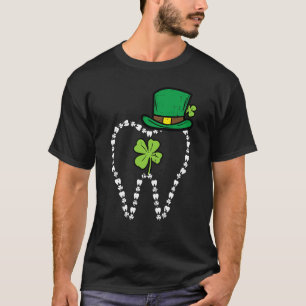 Leprechaun Tooth Shamrock St Patrick Day Dentist D T-Shirt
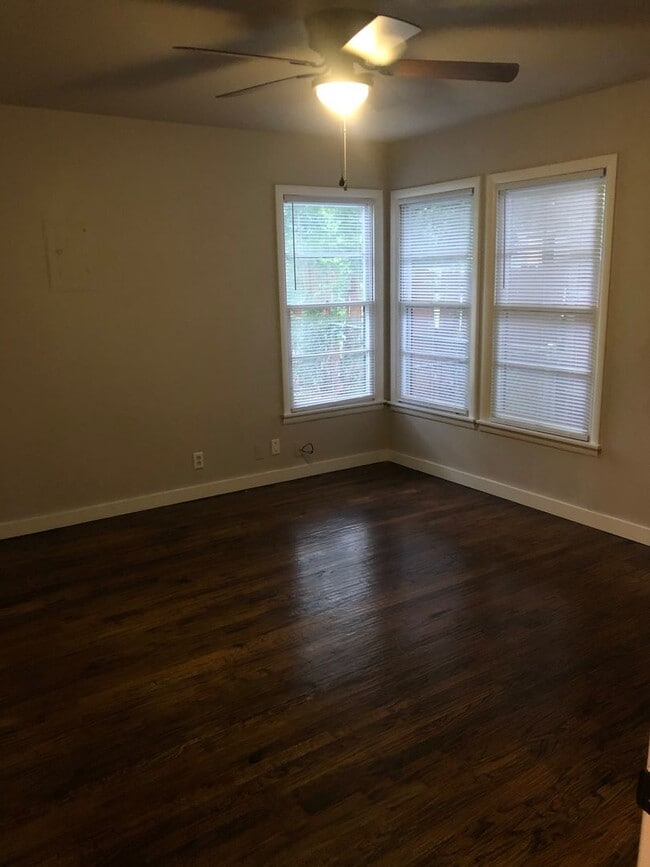 Building Photo - Beautiful Cottage newly remodel!! LOVE thi...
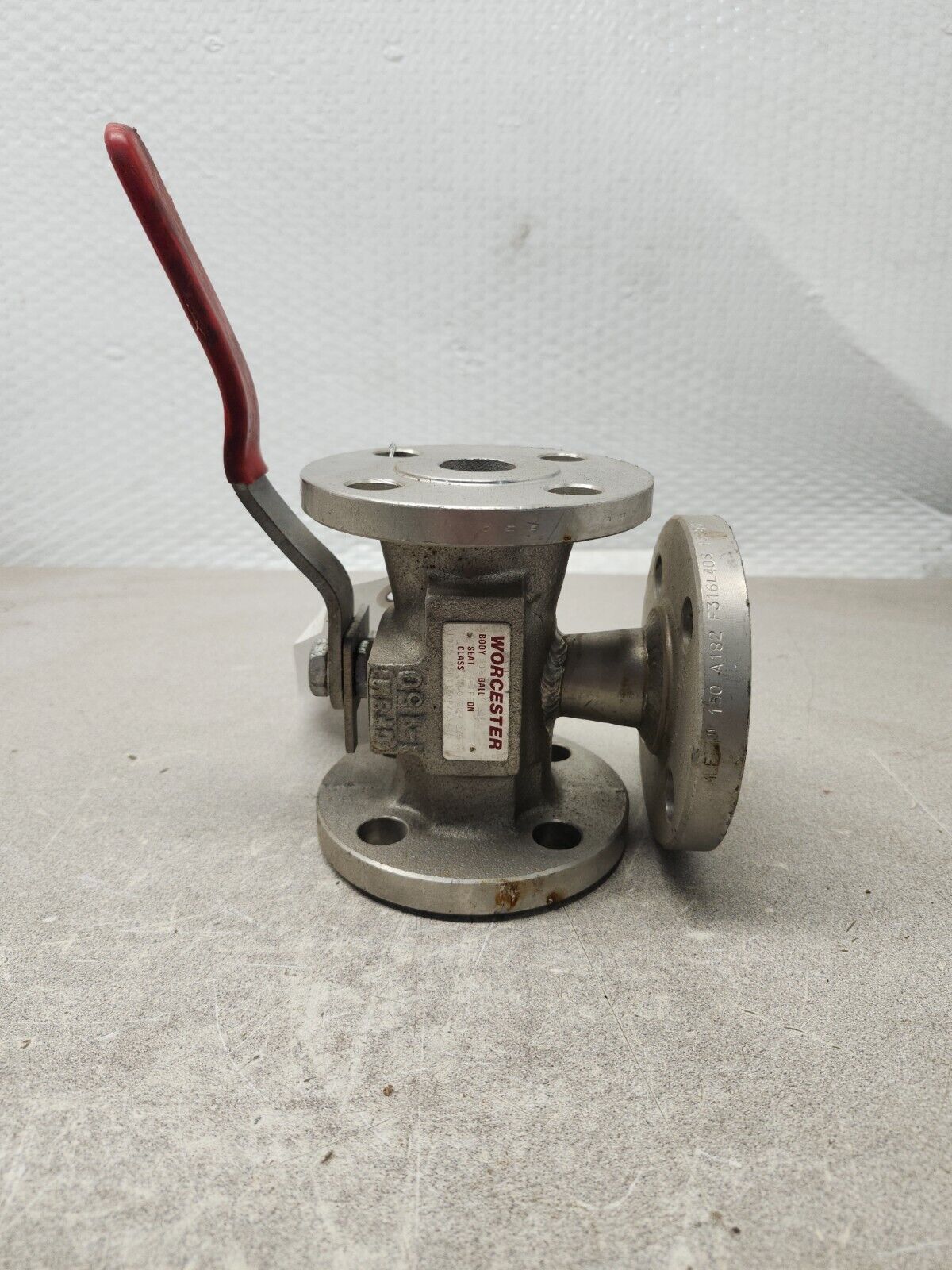 USED TEE BALL VALVE WORCESTER CLASS 150 CWP 275 10T5166RT150P7634R5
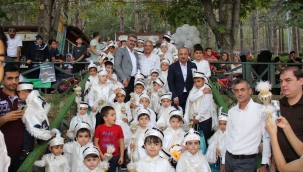 SÜNNET ŞÖLENİNDE MİSAFİRLER DOYASIYA EĞLENDİ 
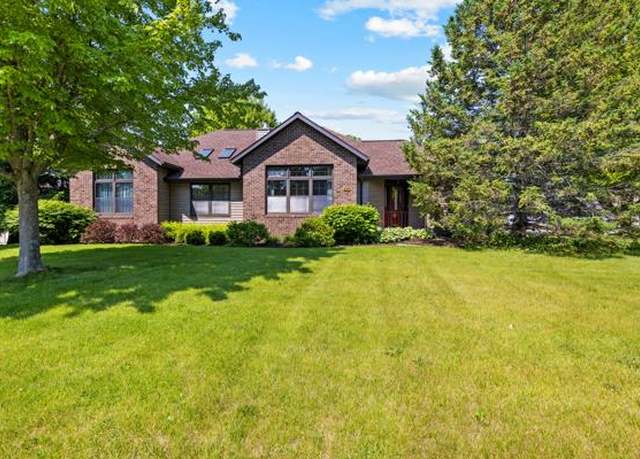 Property at 337 N 18th Ave, Sturgeon Bay, WI 54235, 3 beds, 2 baths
++++
### What is required
The records above are to be repeated exactly, with the pictures left out.

### Exercise solution
 Leprechaun Tooth Shamrock St Patrick Day Dentist D T-Shirt
 Building Photo - Beautiful Cottage newly remodel!! LOVE thi...
 USED TEE BALL VALVE WORCESTER CLASS 150 CWP 275 10T5166RT150P7634R5
 SÜNNET ŞÖLENİNDE MİSAFİRLER DOYASIYA EĞLENDİ 
 Property at 337 N 18th Ave, Sturgeon Bay, WI 54235, 3 beds, 2 baths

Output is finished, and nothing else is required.